### Task instructions
Start the copy at the line holding "La consejera de" and continue it exactly through the last line of the entries, leaving out pictures and anything else.

(Short web captions)
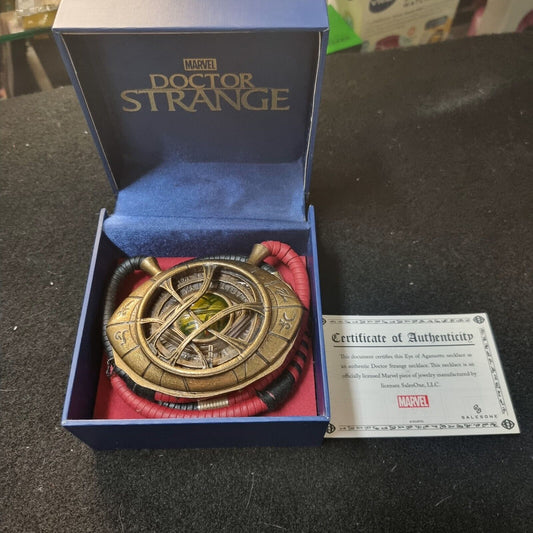 Marvel Doctor Strange Eye of Agamotto 1:1 Scale Licensed Prop Replica Necklace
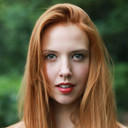 Grace Parry als Waitress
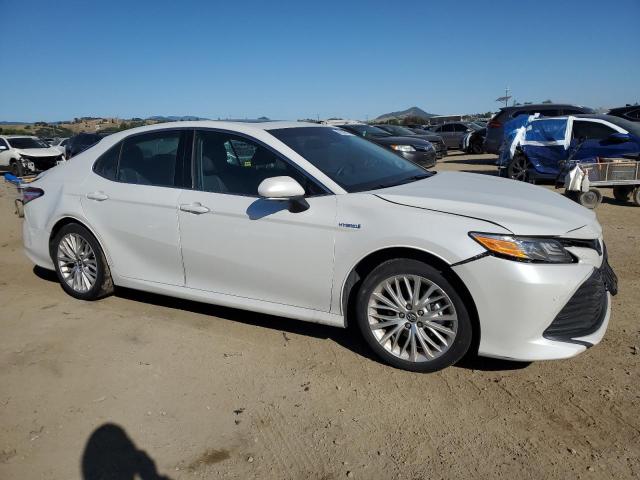 2018 TOYOTA CAMRY HYBR - 4T1B21HK7JU002946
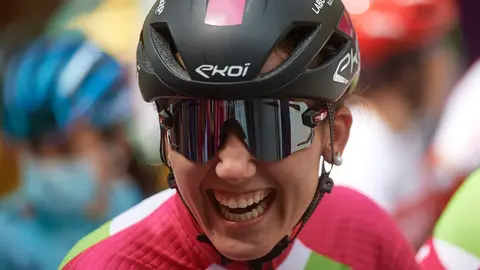 La consejera de Cultura y Deporte, Rebeca Esnaola, asiste a la disputa de la segunda de las carreras de las Clásicas Féminas de Navarra. MIGUEL OSÉS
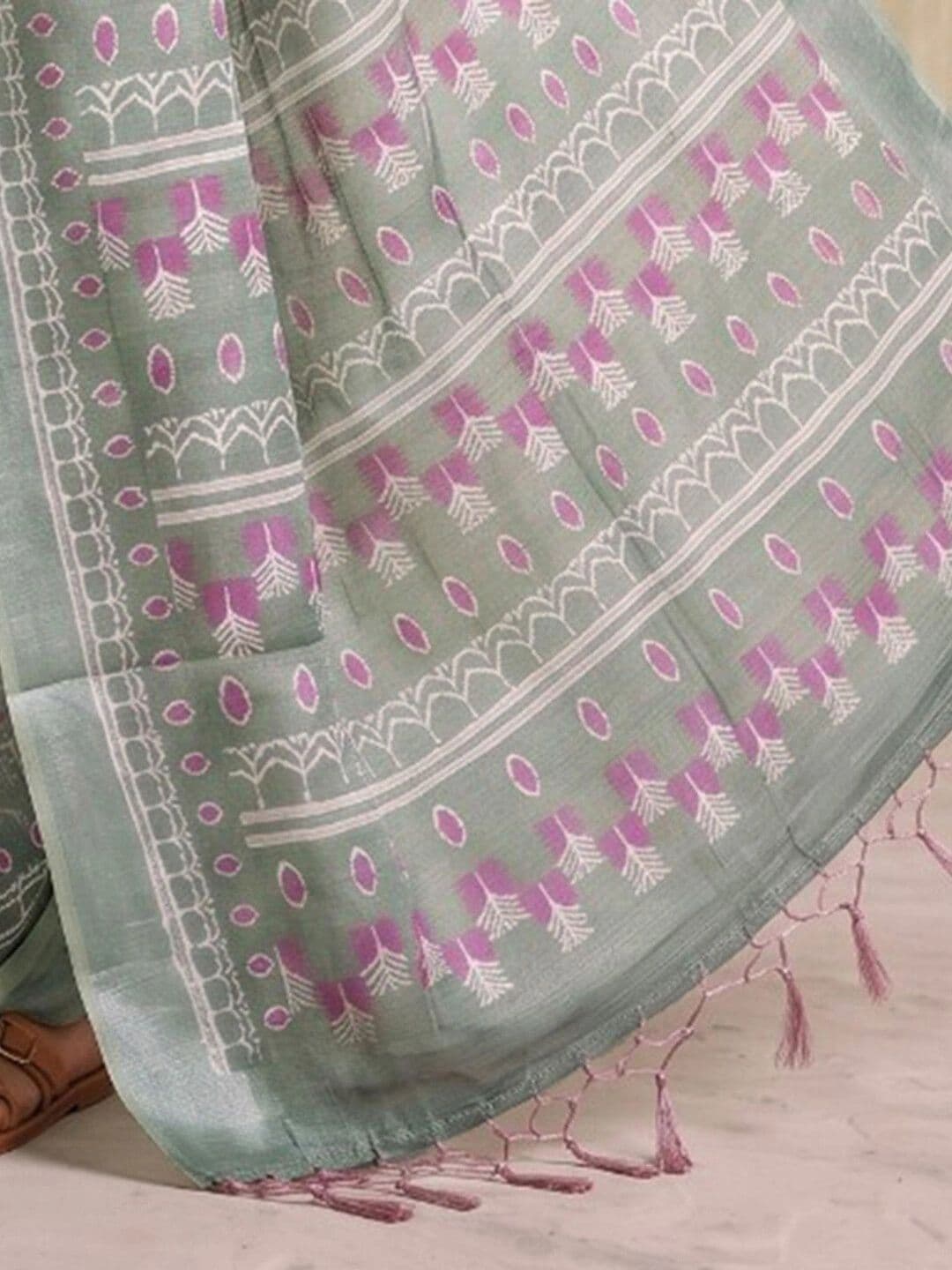 SAARA Zari,Screen Printed Linen Saree thumbnail 2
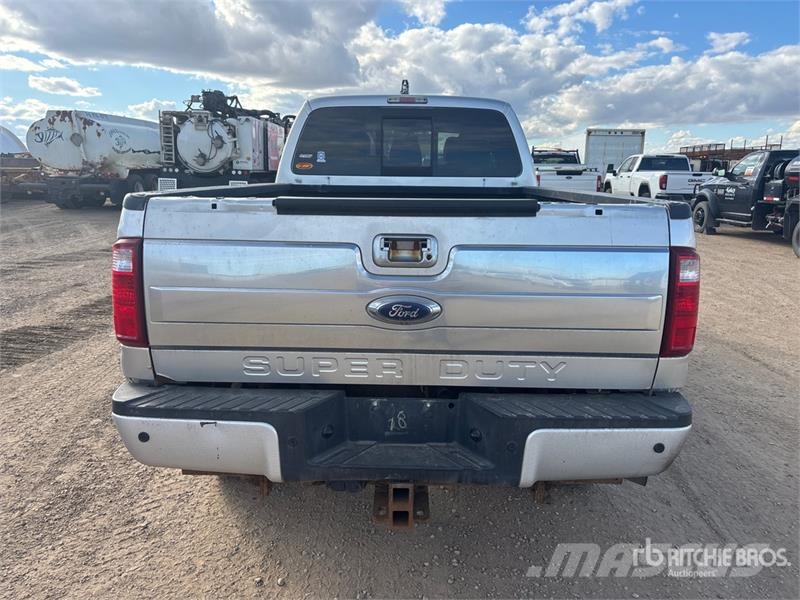 Ford F-350 Lariat 4x4 Crew Cab Pickup Ostalo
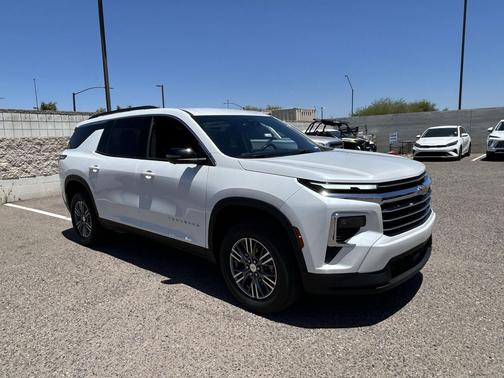 Iridescent Pearl Tricoat 2024 Chevrolet Traverse LT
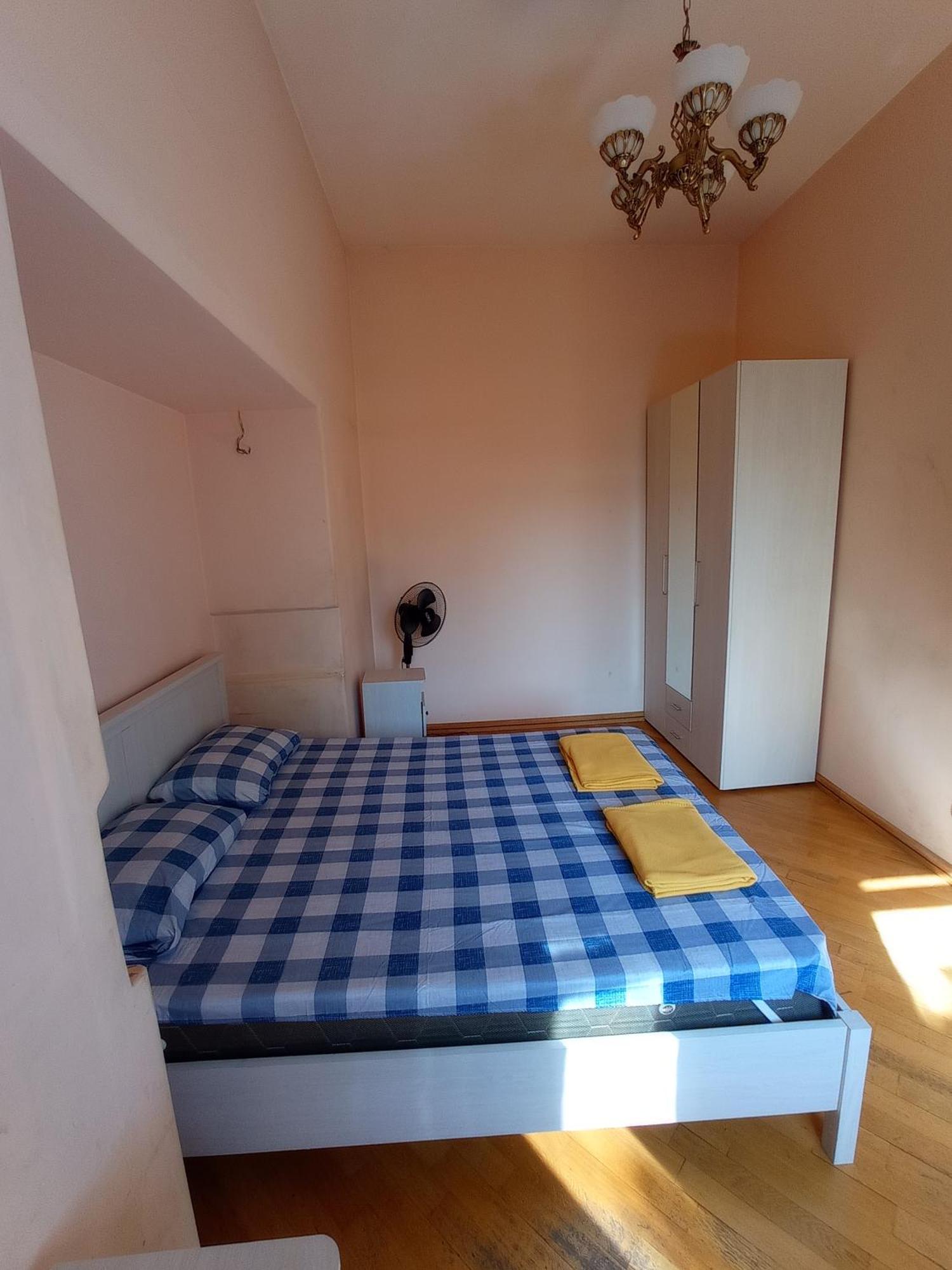 Sun City Hostel 예레반 외부 사진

### Solution to this problem
 La consejera de Cultura y Deporte, Rebeca Esnaola, asiste a la disputa de la segunda de las carreras de las Clásicas Féminas de Navarra. MIGUEL OSÉS
 SAARA Zari,Screen Printed Linen Saree thumbnail 2
 Ford F-350 Lariat 4x4 Crew Cab Pickup Ostalo
 Iridescent Pearl Tricoat 2024 Chevrolet Traverse LT
 Sun City Hostel 예레반 외부 사진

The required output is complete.